The Pros & Cons of the Education System in Jamaica

If the state of the Jamaican educational system were to be summed up in one sentence, it would be that it is in utter distress. The sector faces serious challenges in its efforts to provide quality learning opportunities for children up to age eighteen. At present, there exists low literacy levels, university matriculation levels, exam passes, etc.

Notwithstanding, Jamaicans realise the importance of education. Not only do they recognise that it is (as established in numerous international conventions) one of the most basic Human Rights, but extremely pivotal to societal and economic development as well. To this end, there have been numerous attempts both by the government, civil society groups and private interest to revive the educational system in the country. To this end, there have been numerous positive results.

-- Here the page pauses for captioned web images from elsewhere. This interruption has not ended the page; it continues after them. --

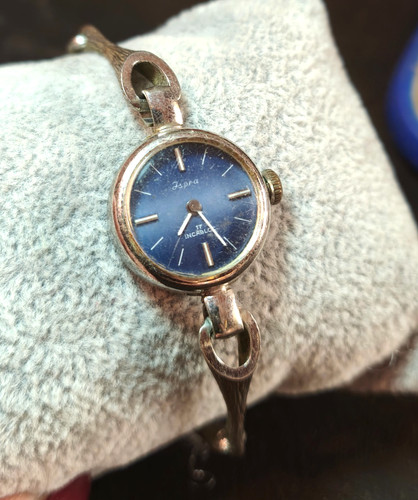 Rare montre vintage mécanique - rare,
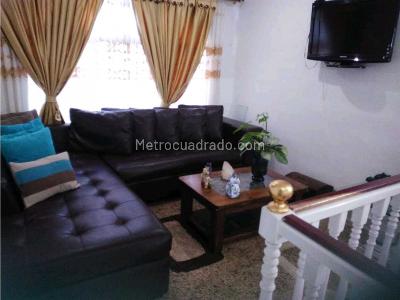 Casa en venta en Ciudad Del Sol, Santa Marta · foto 12 de 20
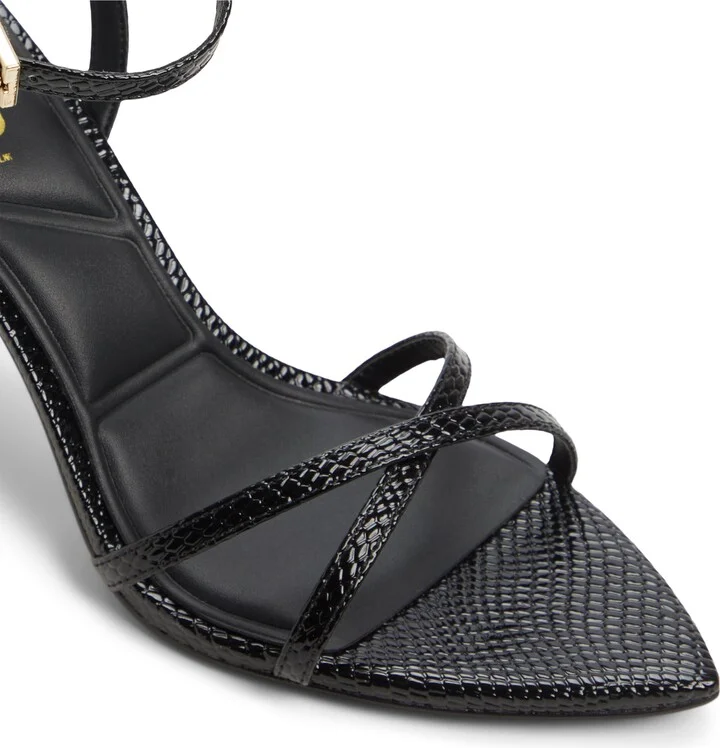 Adrina Ankle Strap Sandal - Image 6
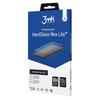 Tempered Glass 3Mk Hardglass Max Lite For Xiaomi Redmi 11 Prime, Black Frame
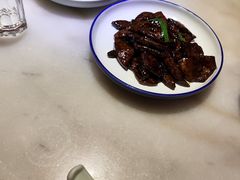 -小吊梨汤·北京菜·烤鸭(西直门凯德店)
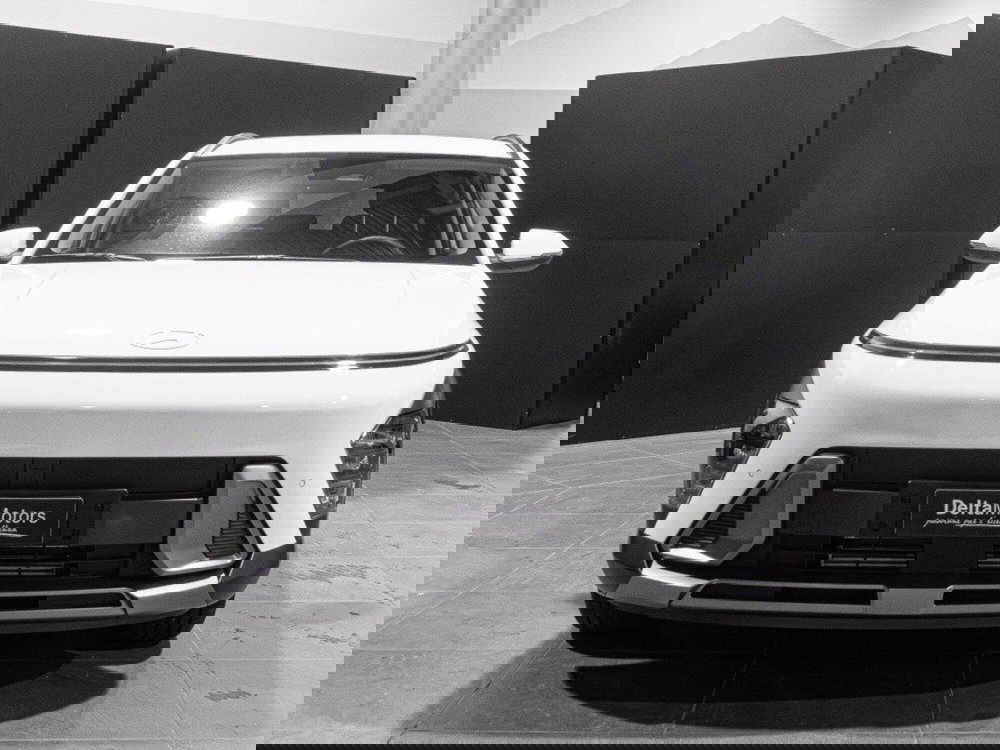 Hyundai Kona nuova a Macerata (5)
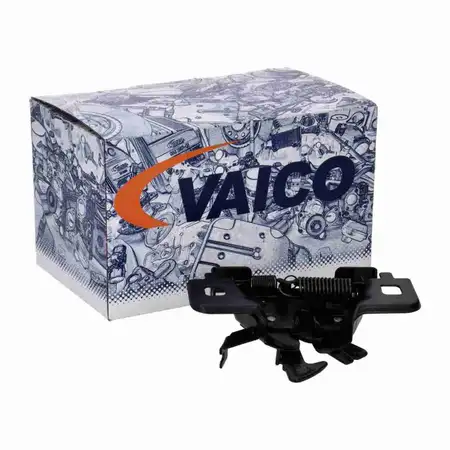 VAICO V24-1453 Motorhaubenschloss FIAT Talento NISSAN NV300 OPEL Vivaro B RENAULT Trafic 3
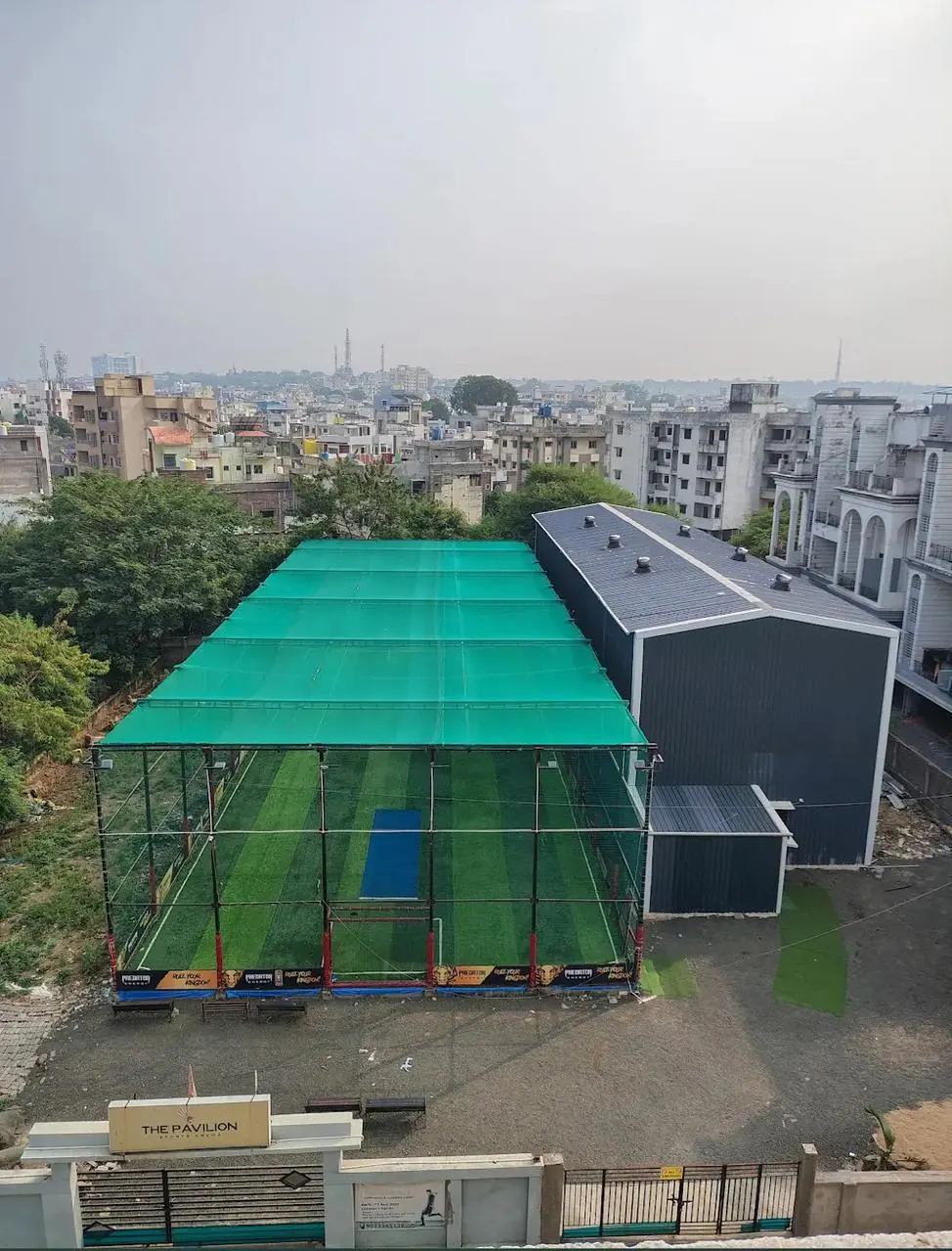 The Pavilion Sports Arena — Other Sports in Anant Nagar, Nagpur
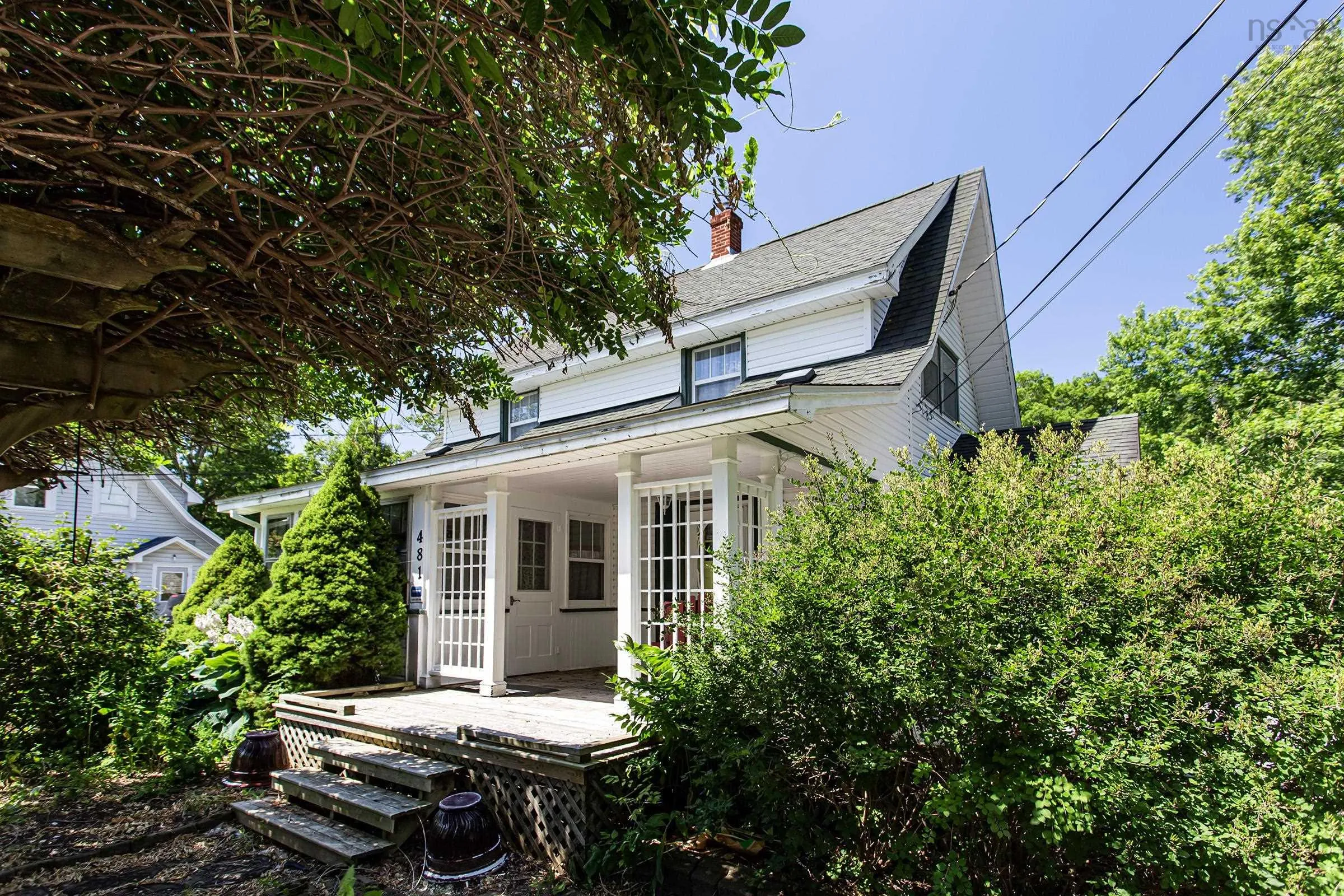 481 Main Street, Middleton, NS B0S 1P0, 2 Bedrooms Bedrooms, ,1 BathroomBathrooms,Residential,For Sale,Main,202518626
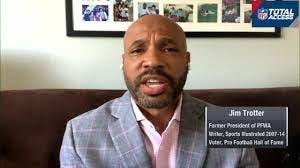 NFL Network's Jim Trotter shares two resolutions to address lack of  minorities in head coach, general manager positions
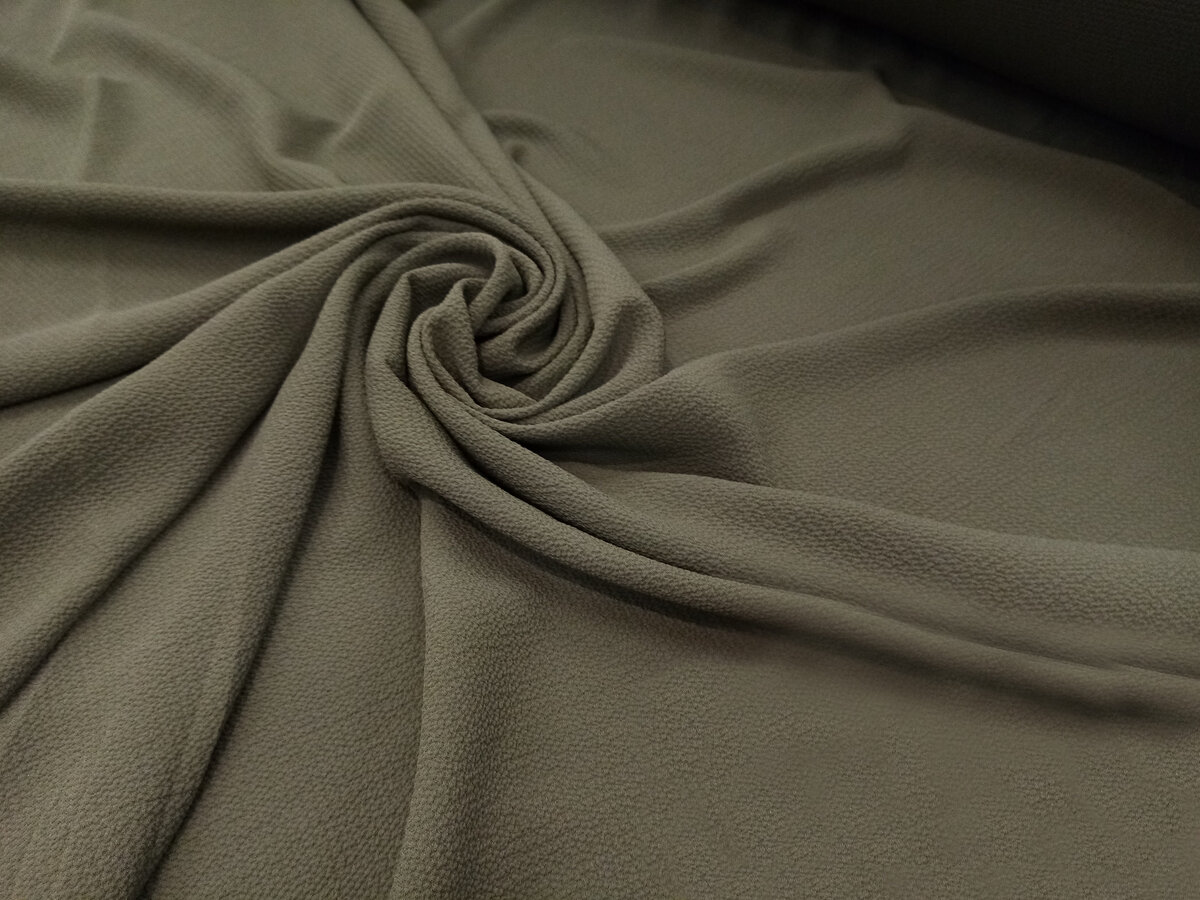 Elastisk Georgette Marco - 18 Farver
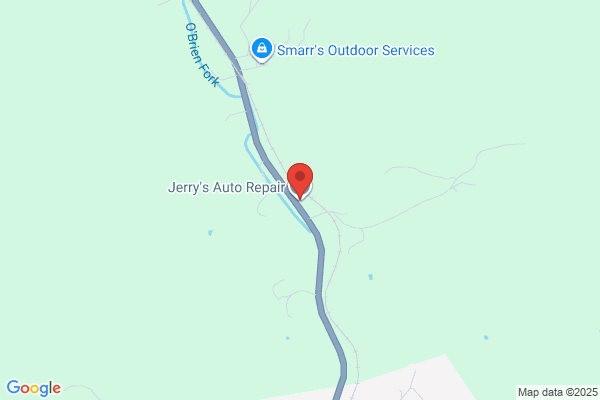 Jerry's Auto Supply & Service Center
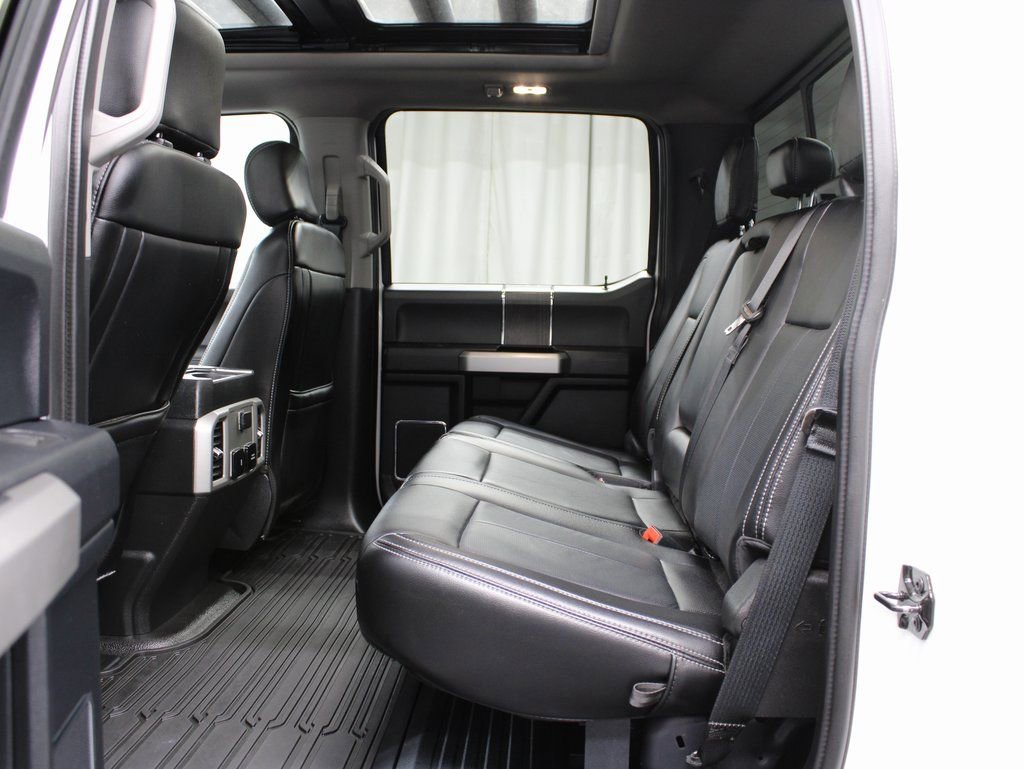 Used 2021 Ford F250 Lariat image 10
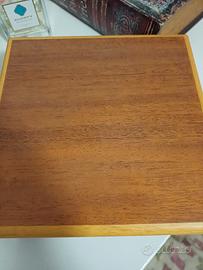 orologio eberhard chrono 4 full set €2800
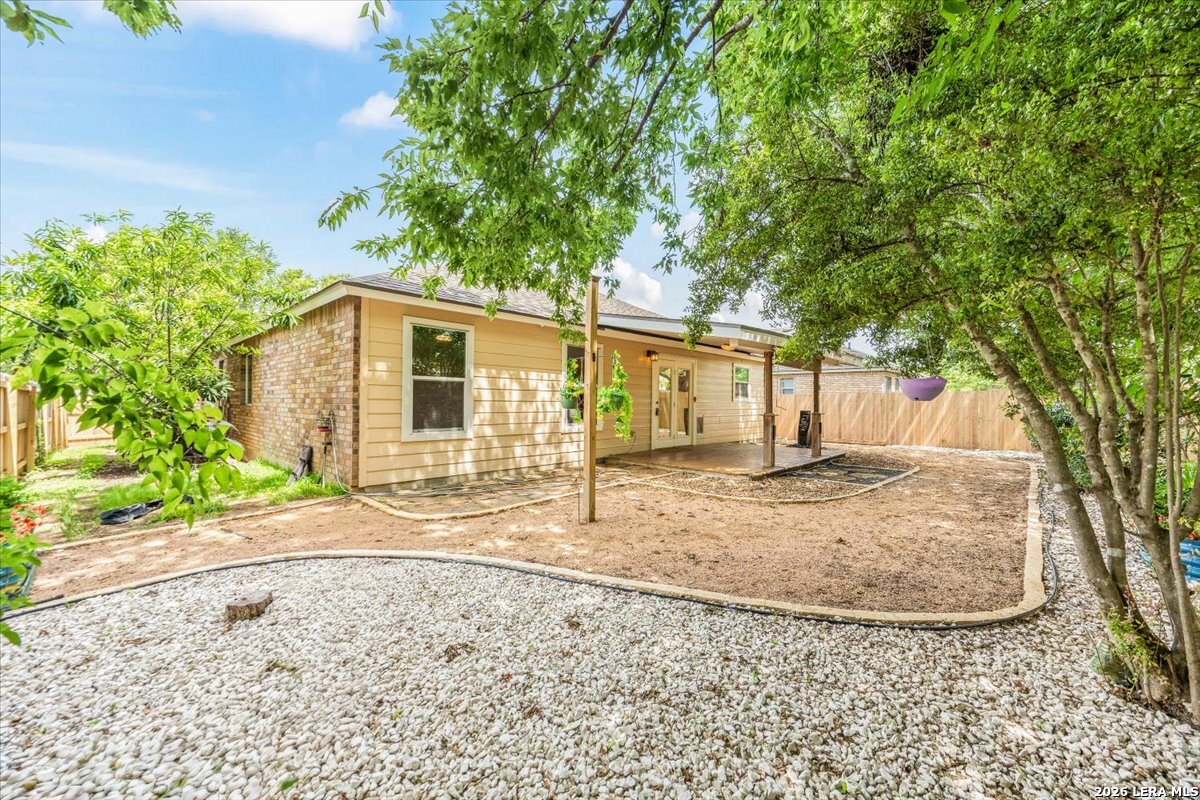 123 Latigo Lane Boerne TX 78006
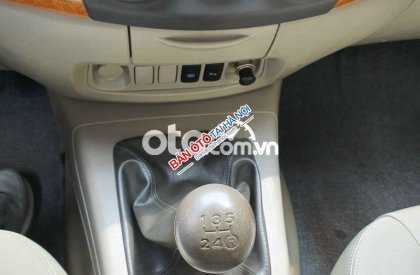 Toyota Innova  MT 2011 - Bán xe Toyota Innova MT đời 2011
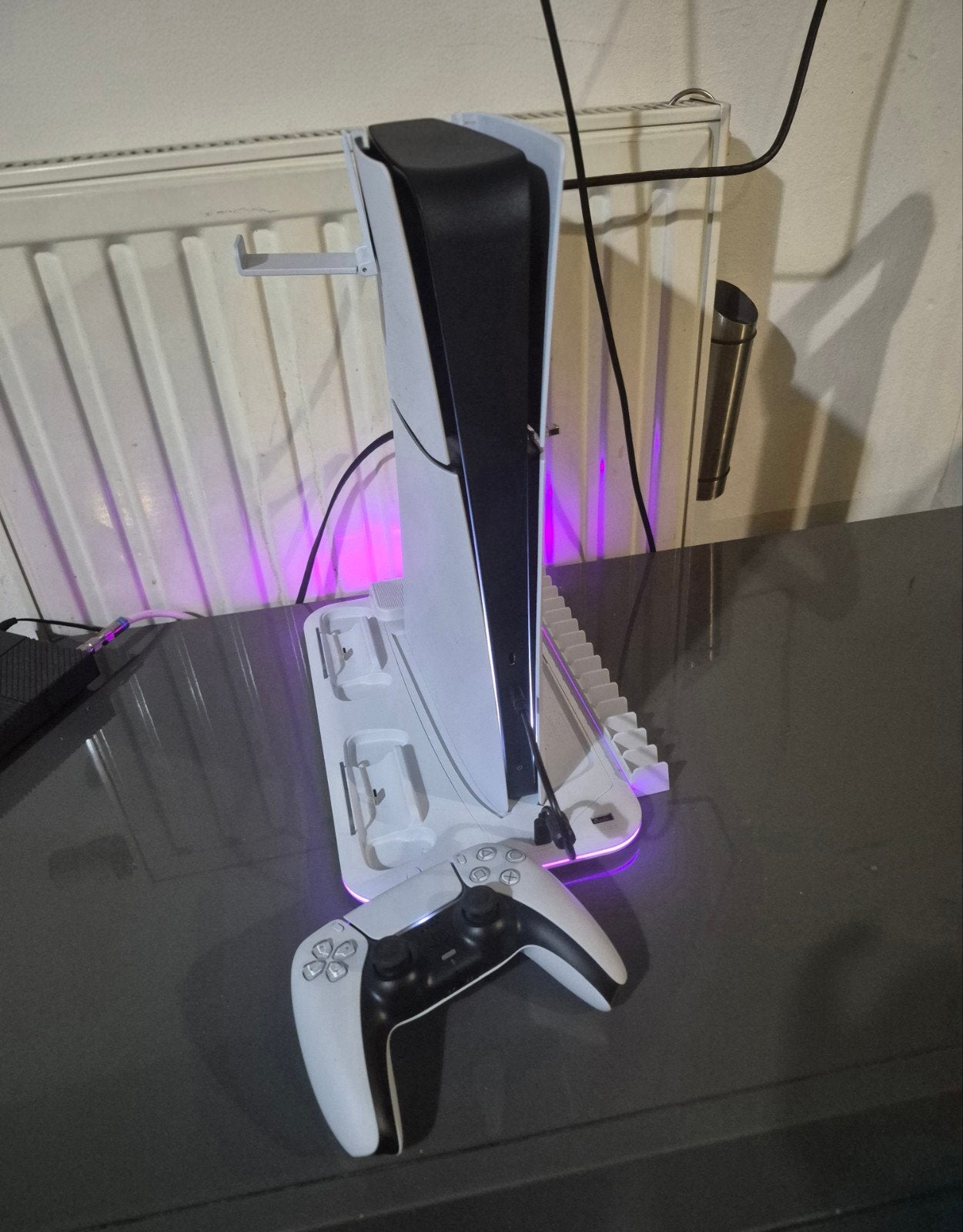 PS5 1 TO, Consoles de jeu & Jeux vidéo, Enlèvement, Comme neuf, Playstation 5 Digital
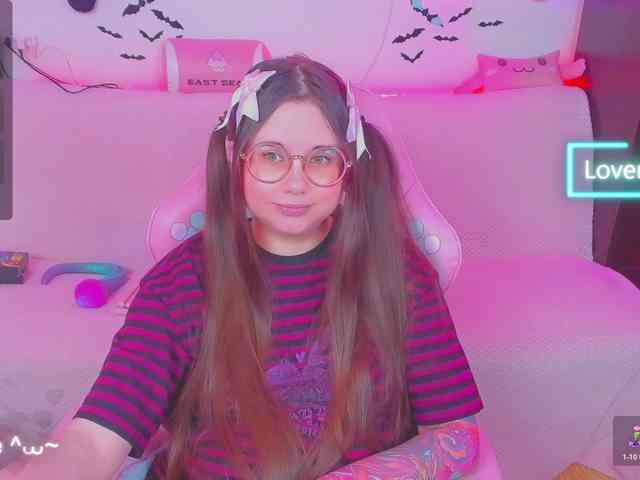 LittleKitsune LittleKitsune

Financing: Education is rather expensive in the country: One important development in the educational system was the announcement of the Bruce Golding led government in 2007 that they would introduce ‘free education’. As with everything, however, there were conditions. The fees to be removed were only for high school students. Many schools reported in budgetary deficits due to late payments made by the government in the harsh economic climate. As such, many schools resorted to drastically increasing ‘development fees’ to balance the books. To this end, secondary education is essentially not free in Jamaica.

Brain Drain: The problem of ‘brain drain’ is of growing concern in Jamaica, as with many developing countries. Those who have access to and receive a proper education often leave the country for places such as the US, Canada and the UK. This lessens the prospect of national growth and development.

 

Infrastructure: One of the most important factors influencing the education process is the environment in which learning takes place. In order to successfully develop the Jamaican citizenry into an educated force, this aspect of learning must be addressed. Having teachers attempt to teach multi-grade levels in one classroom with a total of 60-70 or more students, for example, indicates the poor learning condition. This is further compounded by the lack of the use of ICTs in schools. In this, the 21st century, technology must play an important part in the educational system.

Access To Education: According to UNICEF (retrieved from: http://www.unicef.org/jamaica/promoting_quality_education.html) ‘Over 98 per cent of children 6-14 years old are enrolled in school (99.9 per cent for boys and 95.7 per cent for girls), but that rate plummets to 89 per cent among children 15-16 years old, and to 47.8 per cent among those 17-18 years old. The percentage of children who reach grade 5 has been declining, from approximately 96.5 per cent in 1999/2000 to 87.6 per cent in 2001/2002, with retention rates higher for girls than for boys (91.4 per cent and 84.3 per cent, respectively).'

Development Projects: For long, many children, especially teenagers have been denied access to education due to financing and other problems. Andre Hollness, former minister of education and prime minister of Jamaica announced in 2007 the slogan ‘every child can learn, every child must learn’. With this, he proposed a number of intervention programs to improve the education system in Jamaica. This program has led to a substantial increase in the enrolment level of students across the board. The sustainability of this effort is left to be seen.

Other examples include Improving Access to and Quality of Services, which will result in: approximately 132,000 pre-school children being ready for primary education among other things. Notable also is the Quality Education and Early Childhood Development Programme which aims to promote a child-friendly environment via the provision of quality education to meet the needs of children.

The educational system in Jamaica is indeed in a dire state. Notwithstanding, there has been a number of positive efforts to improve the sector form a systematic approach with a number of intervention programs. The effectiveness of these has proven laudable. It remains to see what new measures the new PNP administration will introduce to further improve the quality of the system.